Jane, in the course of a job interview at Channel 2 (yes folks, she might be headed back to TV after a visit to print journalism) is asked to step in as a freelancer on the park stabbing during her interview. She’s handed a video camera and she’s on her way, savoring the feeling of being back where she feels she belongs. Of course the park case belongs to Jake, which is complicated, and when Jane in approached by a young wanna be photographer who says he has the incident on tape, it becomes more so. When the young man’s camera is smashed by the man in the alley, the two plot threads become hopelessly intertwined.

Meanwhile Jane is anticipating the wedding of her sister Melissa and Melissa calls her frantically, saying her fiancé’s nine year old daughter, Gracie, has disappeared. Jane is now torn: help her sister? Try and get a job? It’s a conflict with her boyfriend’s job (cops and reporters are not supposed to date) but she needs to work. On the other hand – her sister. Throughout, Ryan balances the ethics of protocol and legality with the right thing to do, not always the same thing. All of her characters are struggling with this central concept.

Few writers are as skilled as Ryan at portraying the hectic pace of a work day, and in this outing, Jane is not only trying to balance her work life, her romantic life with Jake and her family responsibilities as her sister seems genuinely frightened, trying without total success to have none of them be the loser. Choices must be made and none of them are simple ones. Jane reluctantly leaves the park scene telling her possible new boss she has a family conflict and rushes to her sister’s side.

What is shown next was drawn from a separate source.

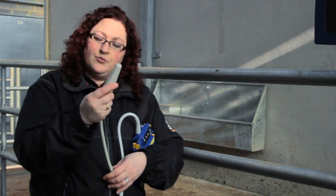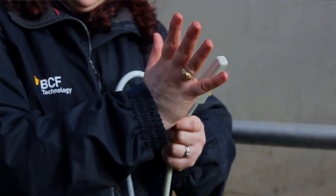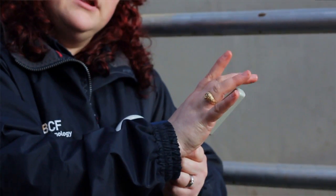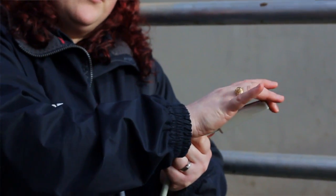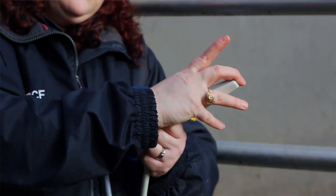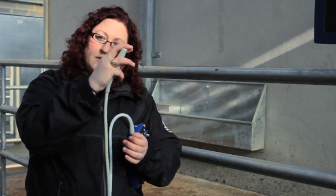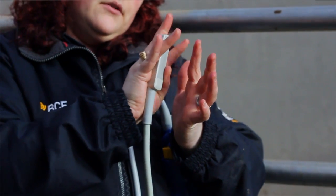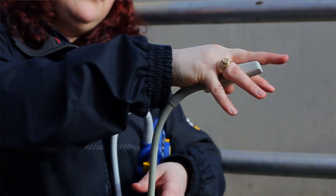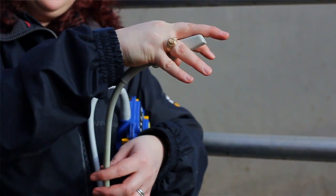The way that you hold the ultrasound probe will enable you to get better or worse pictures. Hold the probe cupped within the palm of your hand and keep one finger near the very tip of the probe, which correlates to the left-hand side of the screen. Grasp the remainder of the probe in your hand, and with the two fingers free on either side — and potentially your pinky as well — you can feel the structures around the probe, such as the uterus.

Gracie’s mother is alternately hysterical and then reassured, as Gracie’s stepfather keeps calling in with updates. But the updates are bizarre and something seems off about the whole thing.

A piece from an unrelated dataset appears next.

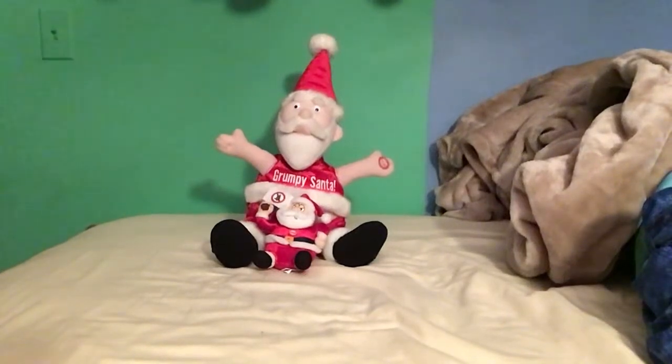Hey guys, it's me, Toys and More here. Today we're going to be doing a comparison on Grumpy Santa Toys from Techie Toys — the regular version versus the smaller version. The smaller version is more rare than the other one, and the smaller one is obviously smaller. It has the same phrases but just different voice actors.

Jane is pulled back and forth between the two crises and with barely more than a chance to nod at Jake, and neither really knows what the other is up to. Meanwhile there’s another story thread involving a young woman, Tenley, who has a job monitoring the city via video (it’s her summer job) and she’s mindlessly bored by it until she notices something is actually happening on her video screen. Her ethical choice: to record what she sees, or not?

As Ryan layers Tenley’s family story into the rest of the plot she has a large number of balls in the air which she then proceeds to juggle with author-ly perfection. With each snap and turn of this crisp plot, not only are you often surprised, you’re emotionally engaged. This book had me in tears several times as Ryan explicates this complex story and the complex family relationships surrounding all of the incidents, not least the one involving Jane’s own family. I had a breathless feeling myself as I flipped pages, trying to keep up with Jane and Jake as they went about their business; Ryan breathes reality and suspenseful tension into the whole novel. It’s flawlessly done – one of the best and most resonant thrillers of the year.